When the lights go out, it’s ‘I don’t know you, and you don’t know me.’
Ken Alexander, 37, who grew up in Belmont
Other factors shaped the two: In the 1930s, the Federal Housing Administration encouraged investors to make home loans in Plaza Midwood but not in Belmont – a process known as redlining, Hanchett said. This disparity in homeownership rates remains today.
“Not only were the two neighborhoods built with different populations in mind, the way that money was made available to folks who wanted to buy their own homes was radically different,” Hanchett said.
Both neighborhoods went through a period of decline in the middle of the century as growth was centered on the outskirts of the city. And now they’ve both been buoyed by renewed interest in close-in neighborhoods.
Affluent families attracted to shorter commutes and walkable living have built new, larger homes in Plaza Midwood. Slowly, people like them are now taking a look at Belmont.
That has created a sometimes strained relationship between longtime residents of Belmont and the newcomers.
Alexander, who has lived in the neighborhood off and on his entire life, said he’s happy there’s less crime in the neighborhood.
For years, Belmont was “among the most downtrodden and violent in Charlotte,” according to a report from the Charlotte-Mecklenburg Police Department. In the early 2000s, crime rates fell by nearly half. Both property and violent crime rates remain higher than the countywide average, according to the Charlotte Quality of Life survey.
People view us as coming in and potentially taking away their neighborhood.
Belmont Community Association President Vicki Jones
But Alexander points next door, where a family knocked down the small house on the lot and built a significantly larger home. Alexander said they mostly keep to themselves.
“When the lights go out, it’s ‘I don’t know you, and you don’t know me,’” he said, adding that he believes there is a racial divide.
As the newcomers moved in, an older neighborhood group disbanded. Meetings of the new Belmont Community Association are mostly white in a neighborhood still largely populated by black families. President Vicki Jones acknowledged the uneasiness and said she’s been working to combat it.
“I think it’s a trust issue,” said Jones, who is white and moved to Belmont in 2007. “People view us as coming in and potentially taking away their neighborhood.”

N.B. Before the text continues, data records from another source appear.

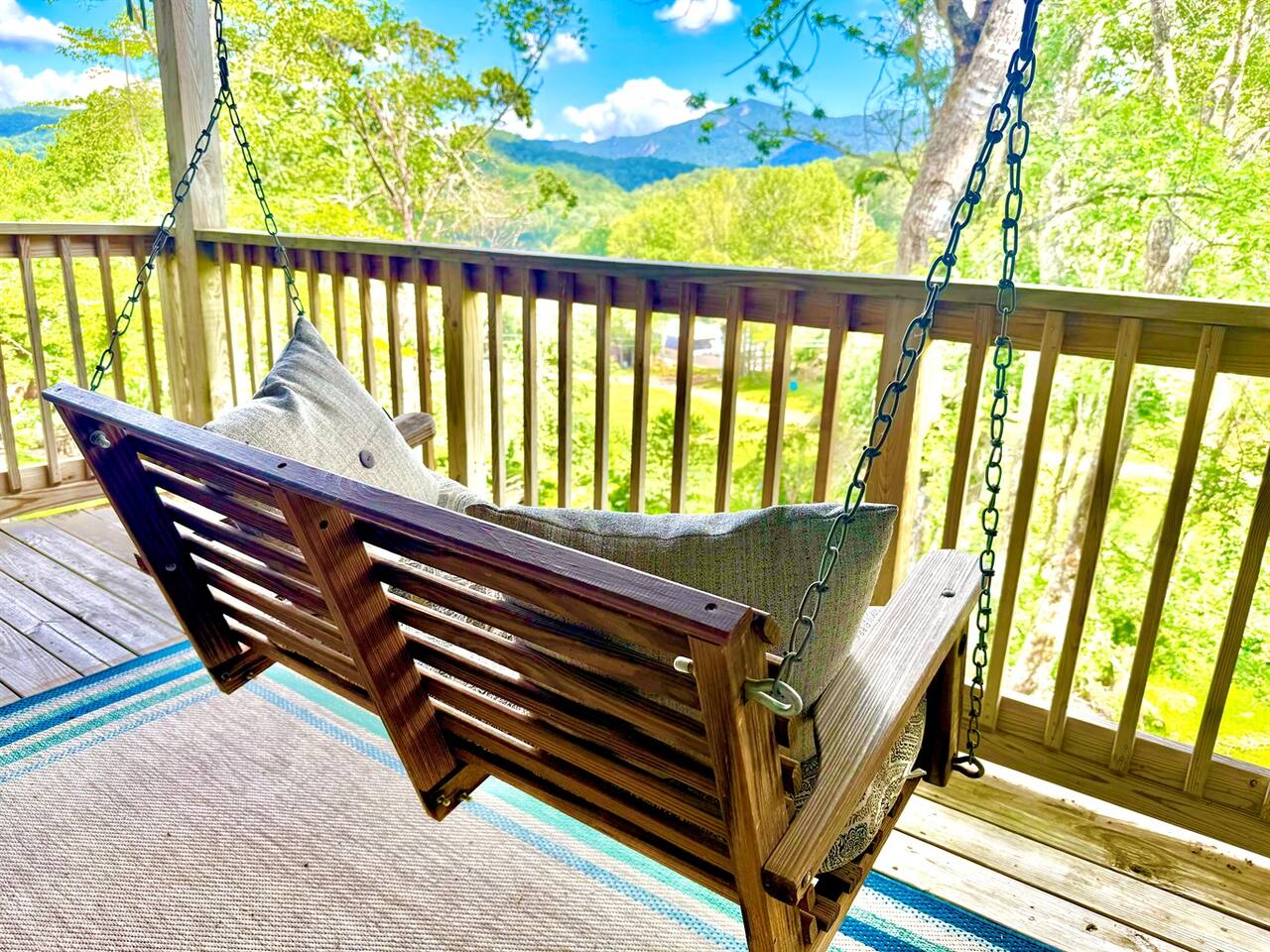 Outdoor patio swing over the stream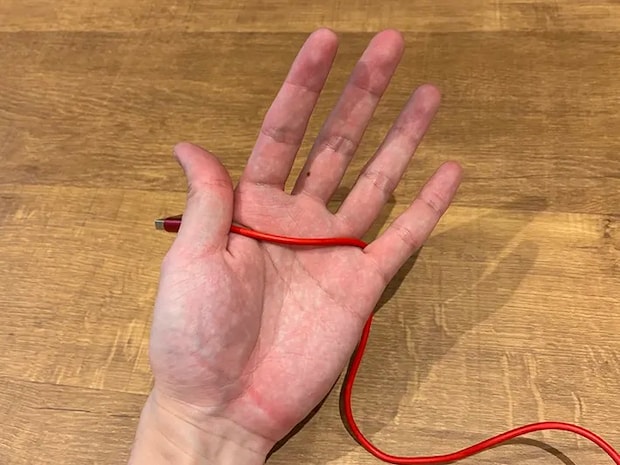 親指で挟んだ充電ケーブル（撮影：grapeライフハック編集部）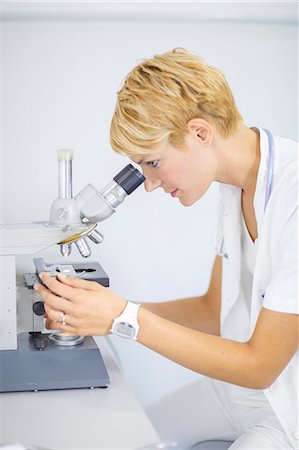 Female Scientist looks through a microscope Photographie de stock - Premium Libres de Droits, Code: 6115-06733182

Starting in 2010, the association applied for grants to host community events that would bring people together. The response was uneven.
“We needed to be a bit more organic about it,” Jones said. She acknowledged that there are challenges on several fronts to that: race, economic status and age.
“We have not found that thing yet that works for us,” Jones said.
Being viewed as an “up-and-coming neighborhood,” she said, can be a bad thing for people at risk of being priced out of the area after living there for years.
Breaking down barriers
But Plaza Midwood and Belmont also present an opportunity. The Charlotte-Mecklenburg Opportunity Task Force, which is seeking to address economic inequality, is looking at how to build bridges between higher and lower income areas, said Brian Collier of the Foundation for the Carolinas.
In poorer neighborhoods, children often don’t have role models in professional careers that can give advice on things like getting an internship at a bank, Collier said. In the more affluent areas, there could be a lawyer or accountant on every street.
Belmont could be a natural place to try to bring the two together.
“One of the big things we’re looking at,” he said, “is how do we break down some of the barriers that exist between neighborhoods or ZIP codes that are literally next to each other?”